Jessica Pressman gives a mixed, but essentially positive review to the Cybertext 2000 Handbook. Pressman finds many of the essays of great interest, and if she thinks that some of the arguments might have been expanded or extended, that only shows that her appetite has been throughly prepared for next year's volume.
Pressman does complain of what she calls "the disdainful tone for hypertext that seeps into the editorial spaces," wishing that the editors would maintain "respect for the scholars whose work preceded and prompted [their] own". Editors Eskillinen and Koskimaa take this critique to heart in a furious rejoinder:
In this context it is almost arrogant of Jessica Pressman to imply that we (or the contributors coming from eight different countries and equally heterogeneous intellectual and scholarly traditions) should submit to the same code of ancestral worship that may or may not be in one's best interests while specializing in electronic literature and hypertext narratives at certain US Universities.
I hate bad reviews, too.
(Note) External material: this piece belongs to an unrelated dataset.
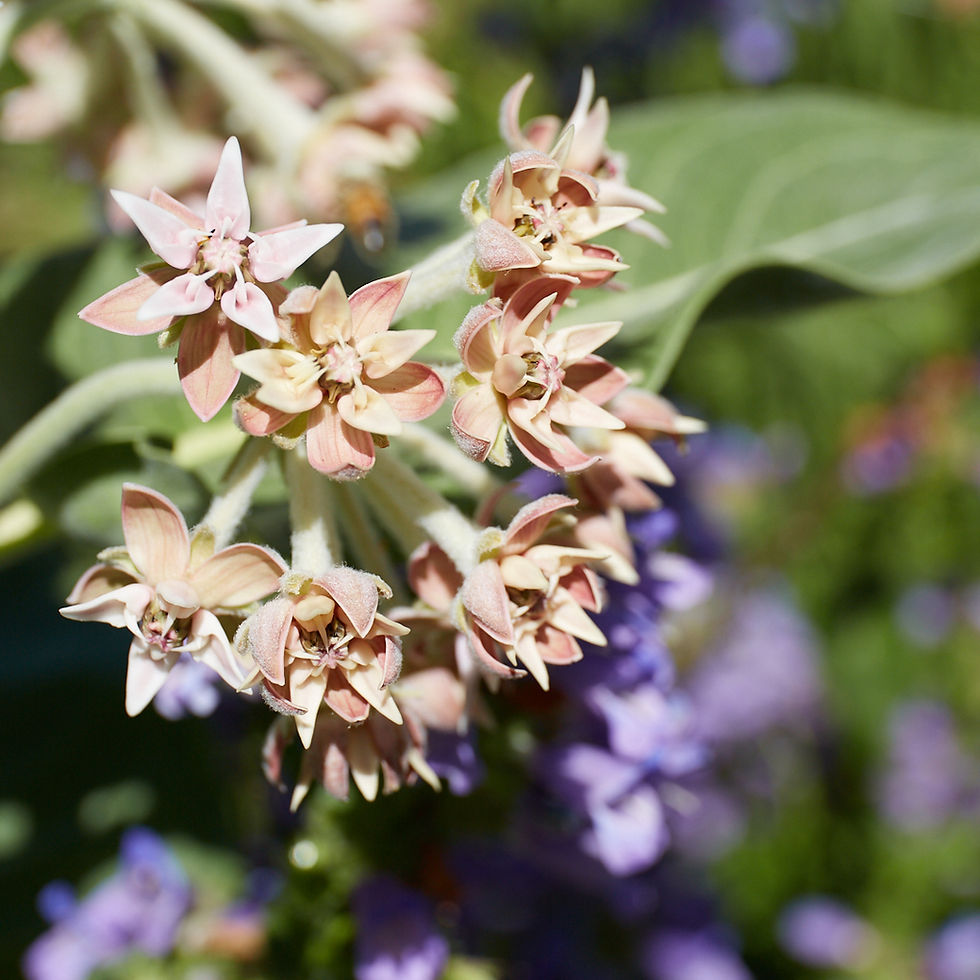 Thumbnail: Asclepias speciosa | Showy Milkweed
But this wasn't a bad review, Pressman rather liked the work, and if anyone questioned the accuracy Pressman's perception of disdain, the rejoinder removes the doubt.
The important thing, in my opinion, is to focus on ideas that matter without worrying about personalities and "ancestral worship". Scholarship -- helping readers understand sources and trace the genesis of ideas -- isn't worship. Nor is civility. Academic discussion has acquired an encrustation of formal courtesy not merely because scholars are pompous, but because formality helps keep personalities from contaminating our theories.